→ Input data
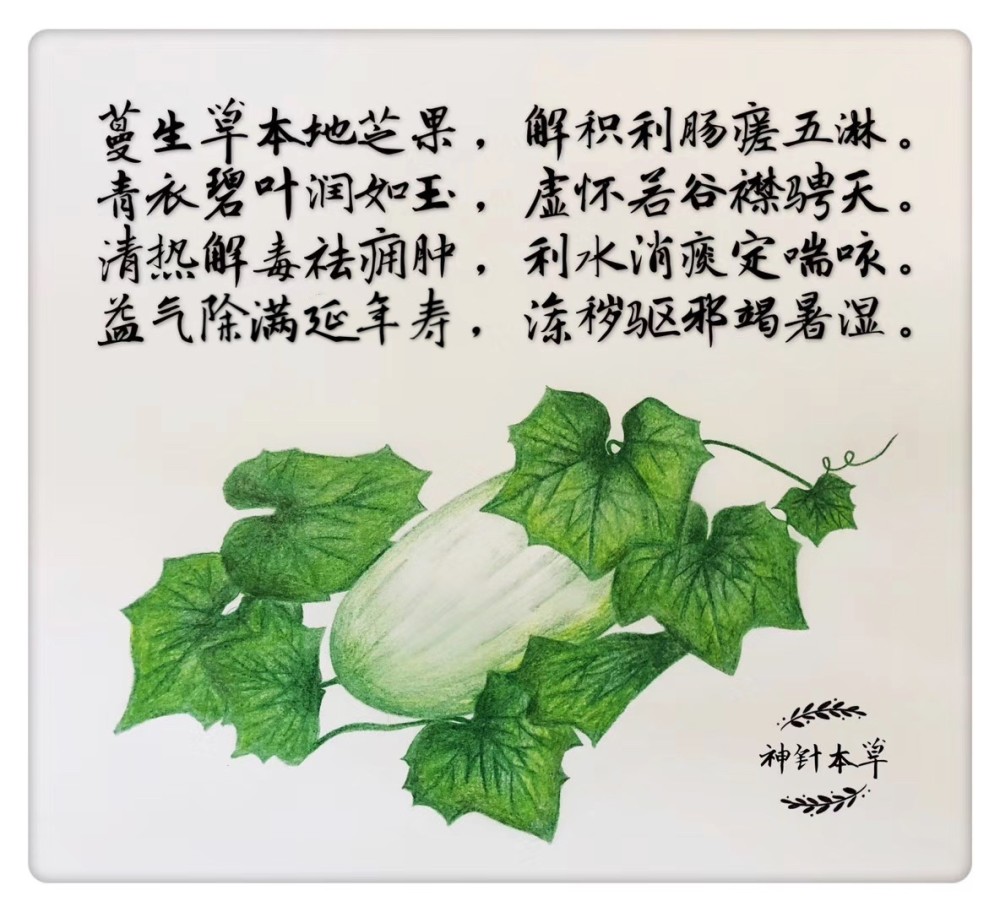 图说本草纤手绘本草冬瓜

...

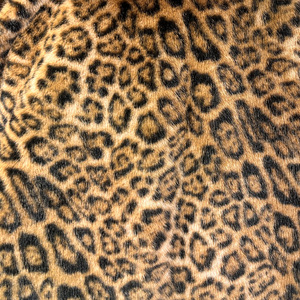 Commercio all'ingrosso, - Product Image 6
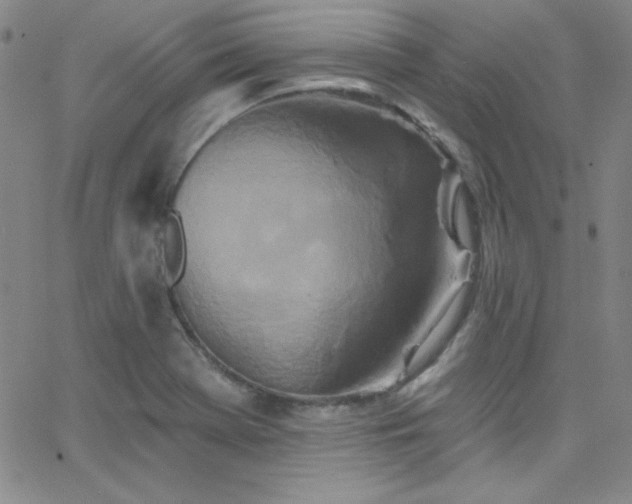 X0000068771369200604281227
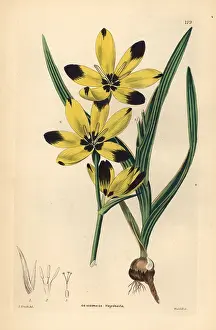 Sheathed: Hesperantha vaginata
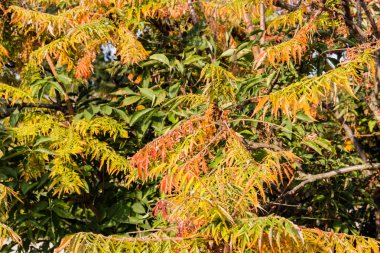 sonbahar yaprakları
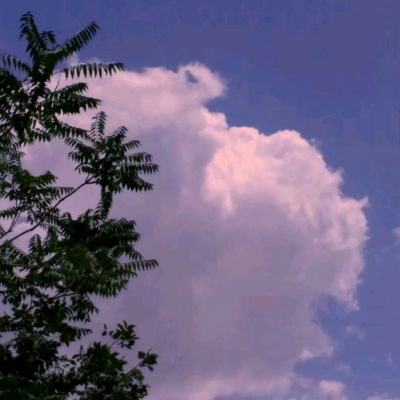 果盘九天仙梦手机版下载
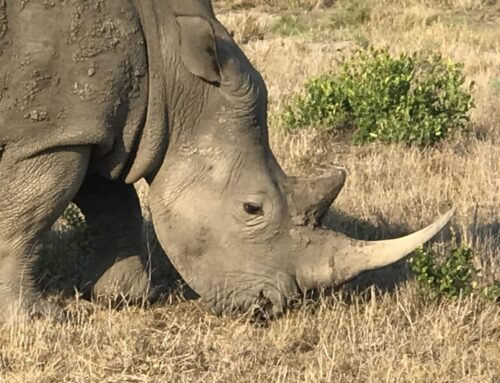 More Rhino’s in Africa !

→ About this exercise
The answer must be the part of the records that opens with the line containing "X0000068771369200604281227" and closes with the line containing "More Rhino’s in Africa !", reproduced exactly, with no pictures.

→ Solution for this task
 X0000068771369200604281227
 Sheathed: Hesperantha vaginata
 sonbahar yaprakları
 果盘九天仙梦手机版下载
 More Rhino’s in Africa !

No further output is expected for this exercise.